TASK REQUIREMENTS | The entries below must be reproduced exactly; their pictures are not part of the copy.

SUPPLIED RECORDS |

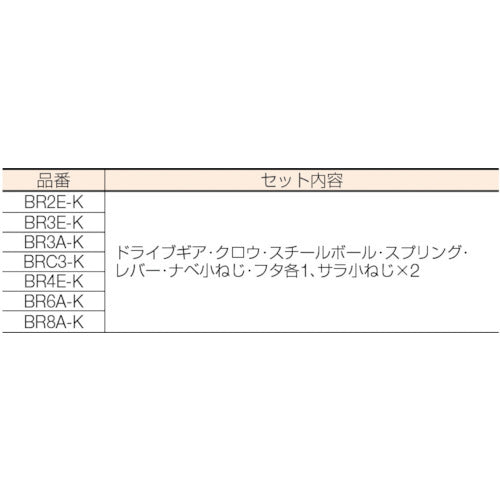 ＫＴＣ　ラチェットハンドル用パーツ　９．５ｓｑ．ラチェットヘッドリペアキット（ユニオン機構なしタイプ用）　BR3A-K　1 Ｓ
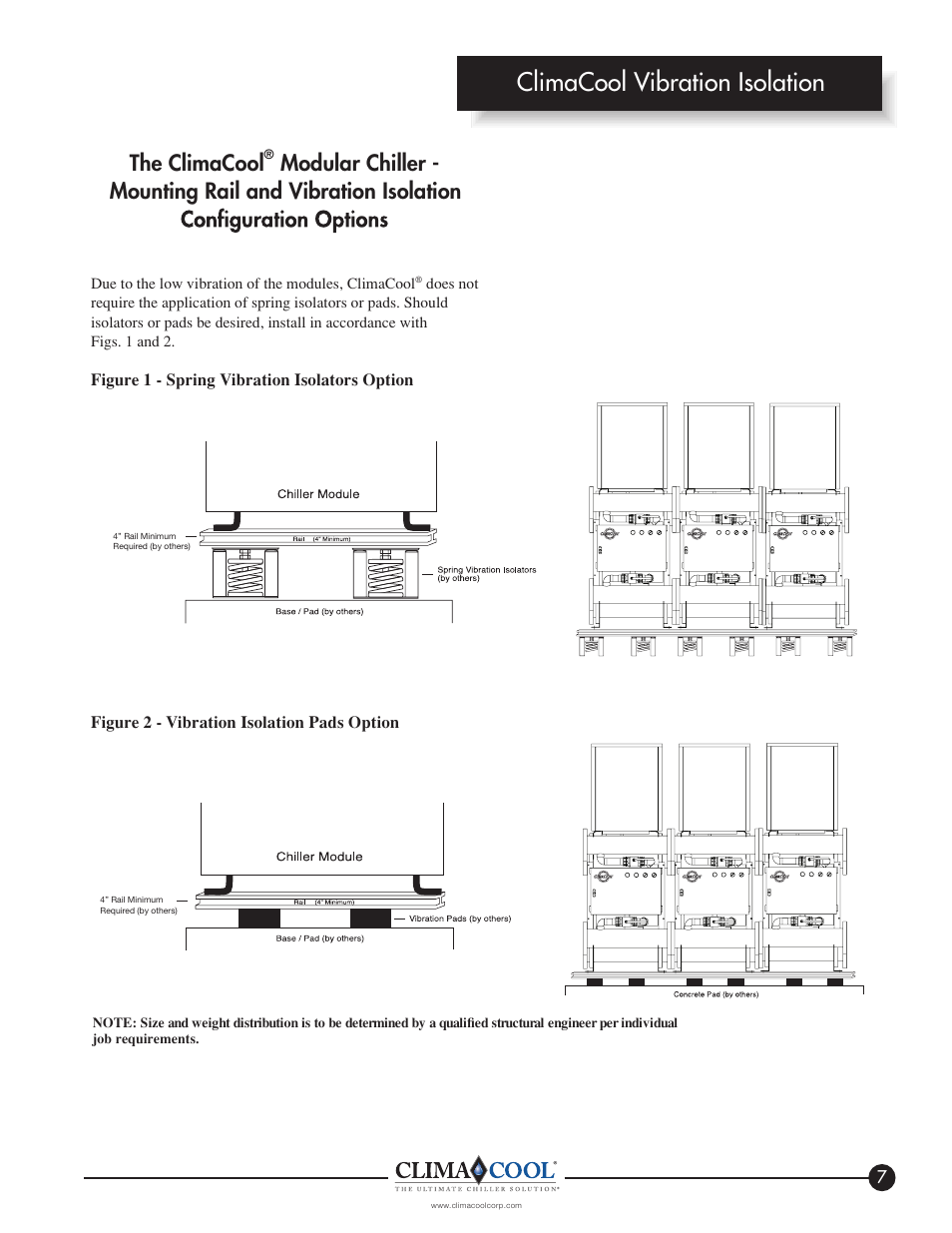 Climacool vibration isolation, The climacool | ClimaCool IOM FLEX SERIES User Manual | Page 9 / 50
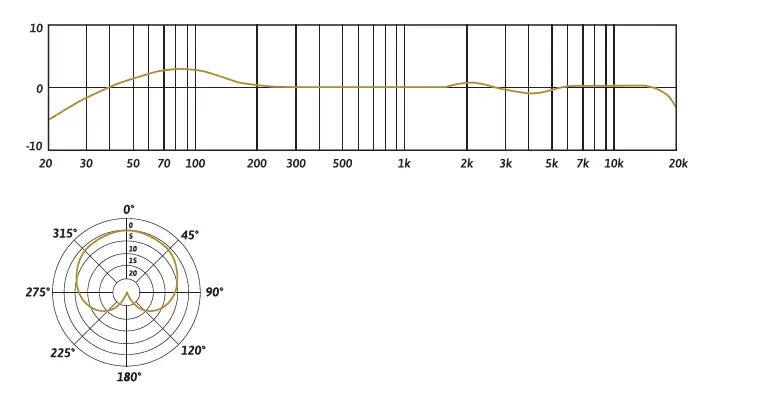 JZ MICROPHONES-Vintage-Series-Vintage-12-Condenser-Microphone-FIG- (4)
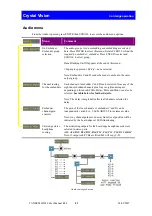 Preview for 22 page of Crystal Vision TANDEM HD-20 User Manual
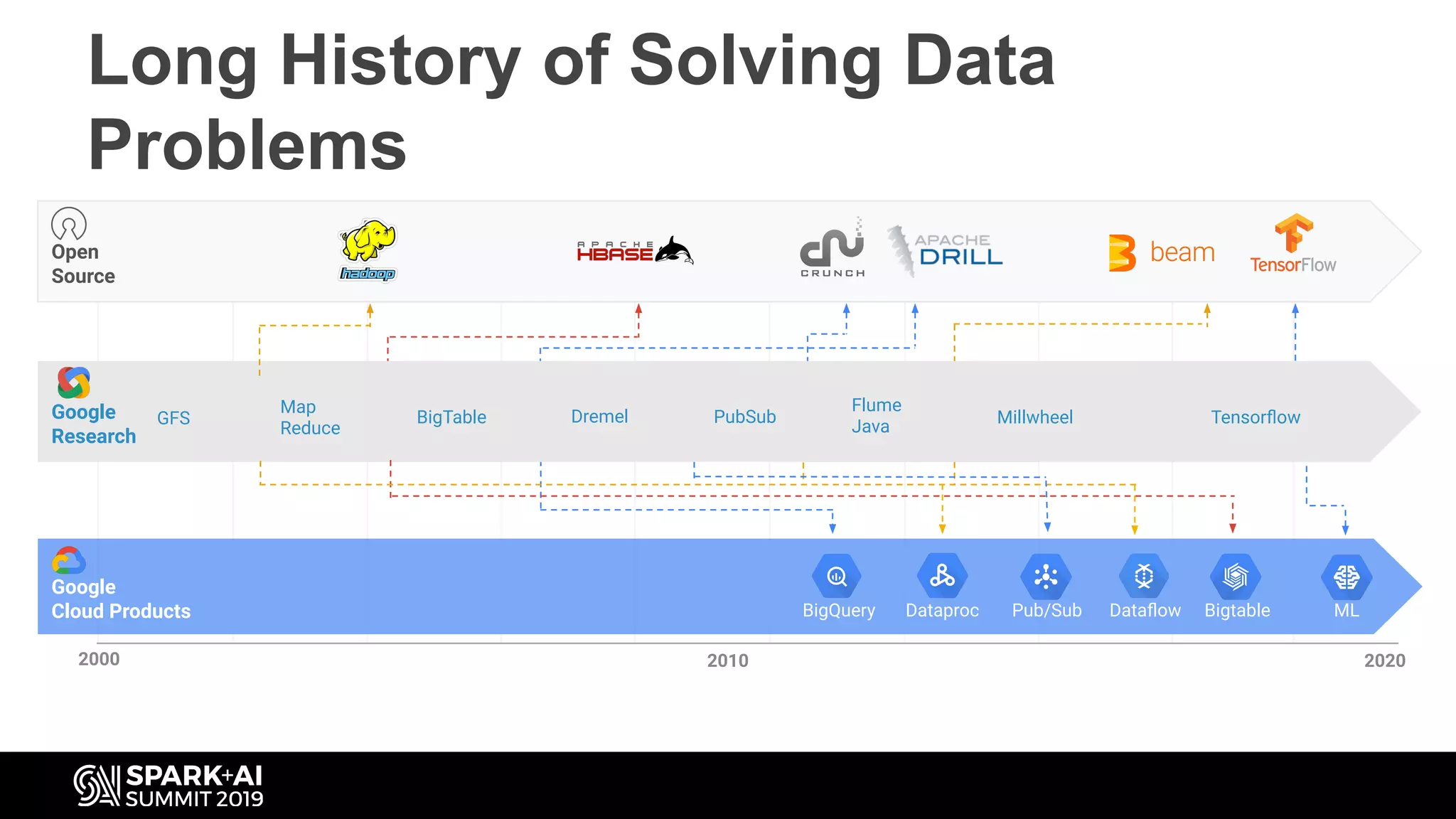 Open
Source
Google
Cloud Products
Google
Research
2000 2010
GFS
Map
Reduce
Dremel
Flume
Java MillwheelPubSub
2020
BigTable
BigQuery Pub/Sub Dataﬂow Bigtable MLDataproc
Long History of Solving Data
Problems
Tensorﬂow
 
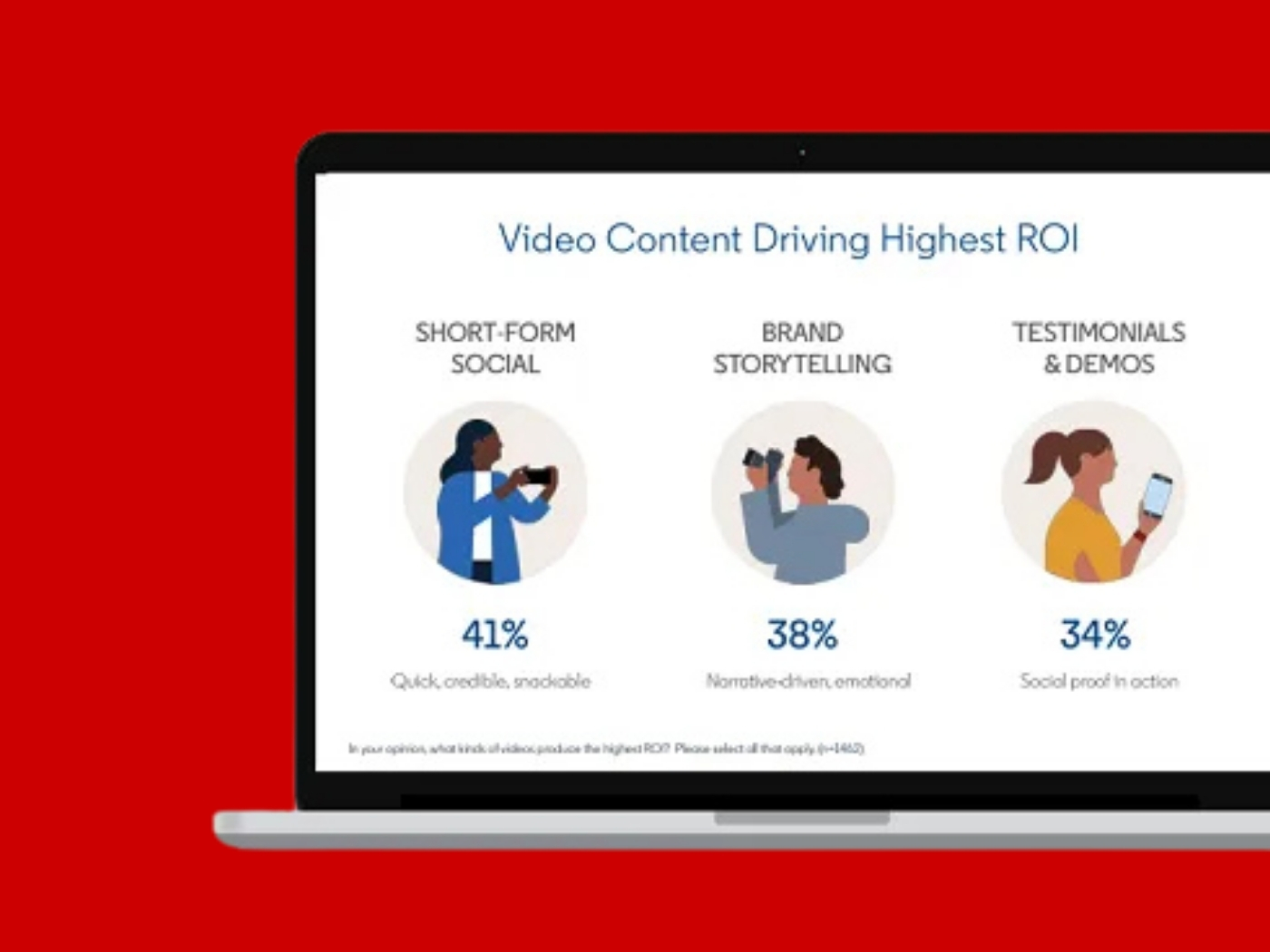 LinkedIn's latest B2B Marketing Benchmark Report focuses on strategies for business-to-business (B2B) marketers to build trust and enhance brand credibility with their target audiences.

SOLUTION |
 ＫＴＣ　ラチェットハンドル用パーツ　９．５ｓｑ．ラチェットヘッドリペアキット（ユニオン機構なしタイプ用）　BR3A-K　1 Ｓ
 Climacool vibration isolation, The climacool | ClimaCool IOM FLEX SERIES User Manual | Page 9 / 50
 JZ MICROPHONES-Vintage-Series-Vintage-12-Condenser-Microphone-FIG- (4)
 Preview for 22 page of Crystal Vision TANDEM HD-20 User Manual
 Open
Source
Google
Cloud Products
Google
Research
2000 2010
GFS
Map
Reduce
Dremel
Flume
Java MillwheelPubSub
2020
BigTable
BigQuery Pub/Sub Dataﬂow Bigtable MLDataproc
Long History of Solving Data
Problems
Tensorﬂow
 
 LinkedIn's latest B2B Marketing Benchmark Report focuses on strategies for business-to-business (B2B) marketers to build trust and enhance brand credibility with their target audiences.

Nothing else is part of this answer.